Efficacy and safety of acarbose in the treatment of elderly patients with postprandial hypotension.Chin Med J (Engl). 2008 Oct 20; 121(20):2054-9.CM
Postprandial hypotension (PPH) occurs frequently in elderly people and may lead to syncope, falls, dizziness, weakness, angina pectoris, and stroke. Some studies suggest that the magnitude of the postprandial fall in blood pressure (BP) is influenced by the rate at which glucose enters the small intestine. We hypothesized that acarbose (alpha-glucosidase inhibitor), a hypoglycemic agent that decreases the rate of glucose absorption in the small intestine, would attenuate PPH in the elderly, and would be safe in the treatment.
Forty-three elderly in-patients with PPH were recruited. All of them were in relatively stable conditions. They had semi-liquid standard meals without and with acarbose for the two following days: screening day and intervention day. Blood pressure and heart rate (HR) were recorded at baseline and every 15 minutes for 120 minutes using a non-invasive ambulatory blood pressure monitoring system during the study, and ejection fraction (EF) and fractional shortening (FS) were measured by two dimensional echocardiography.

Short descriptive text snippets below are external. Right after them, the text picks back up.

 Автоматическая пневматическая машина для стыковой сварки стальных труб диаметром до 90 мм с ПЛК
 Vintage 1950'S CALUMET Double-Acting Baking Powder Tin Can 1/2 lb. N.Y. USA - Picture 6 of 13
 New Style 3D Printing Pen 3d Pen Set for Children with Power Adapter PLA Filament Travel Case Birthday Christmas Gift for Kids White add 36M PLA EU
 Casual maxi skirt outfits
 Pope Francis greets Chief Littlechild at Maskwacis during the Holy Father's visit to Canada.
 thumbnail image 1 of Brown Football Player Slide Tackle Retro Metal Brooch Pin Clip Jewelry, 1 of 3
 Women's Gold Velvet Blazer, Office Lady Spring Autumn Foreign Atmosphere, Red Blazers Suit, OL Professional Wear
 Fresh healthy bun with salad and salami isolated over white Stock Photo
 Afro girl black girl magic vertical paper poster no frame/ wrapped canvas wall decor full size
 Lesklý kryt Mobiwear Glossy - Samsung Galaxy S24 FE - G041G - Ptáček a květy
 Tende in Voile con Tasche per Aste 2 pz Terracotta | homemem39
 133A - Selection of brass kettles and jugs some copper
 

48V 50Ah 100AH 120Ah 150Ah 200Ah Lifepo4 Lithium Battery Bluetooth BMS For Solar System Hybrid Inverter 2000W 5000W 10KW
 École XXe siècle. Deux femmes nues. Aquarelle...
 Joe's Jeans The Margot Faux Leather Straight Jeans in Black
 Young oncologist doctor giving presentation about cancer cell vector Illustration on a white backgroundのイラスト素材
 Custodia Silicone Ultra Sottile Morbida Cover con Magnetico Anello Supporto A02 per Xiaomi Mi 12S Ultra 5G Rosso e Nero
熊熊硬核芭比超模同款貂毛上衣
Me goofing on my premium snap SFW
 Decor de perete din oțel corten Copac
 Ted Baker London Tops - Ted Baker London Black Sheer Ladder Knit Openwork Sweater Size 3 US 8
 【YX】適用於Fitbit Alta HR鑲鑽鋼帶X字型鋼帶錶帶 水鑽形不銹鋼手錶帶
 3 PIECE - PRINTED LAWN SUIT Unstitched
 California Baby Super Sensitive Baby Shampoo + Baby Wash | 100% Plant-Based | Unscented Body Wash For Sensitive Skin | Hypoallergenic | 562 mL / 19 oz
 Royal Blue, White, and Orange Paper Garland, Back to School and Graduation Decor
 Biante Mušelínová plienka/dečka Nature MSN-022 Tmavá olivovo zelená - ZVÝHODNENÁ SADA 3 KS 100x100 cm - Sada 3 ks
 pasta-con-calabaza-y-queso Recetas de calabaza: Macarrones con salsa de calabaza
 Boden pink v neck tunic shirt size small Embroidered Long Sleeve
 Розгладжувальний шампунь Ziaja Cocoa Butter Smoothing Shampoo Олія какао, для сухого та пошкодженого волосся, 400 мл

Compared with the screening day, the falls in systolic, diastolic and mean arterial blood pressure (SBP, DBP, MAP) (all P < 0.05) were significantly attenuated after taking acarbose during breakfast, so were MAP (P < 0.05) during lunch, DBP (P < 0.05) and MAP (P < 0.05) during supper. The change of HR was not statistically significant after taking acarbose in three meals. EF and FS were positively correlated with the relief rate. The effective power was 63%, and the incidence of adverse drug reaction (ADR) was 9%.
Acarbose is effective and safe in the treatment of elderly patients with PPH.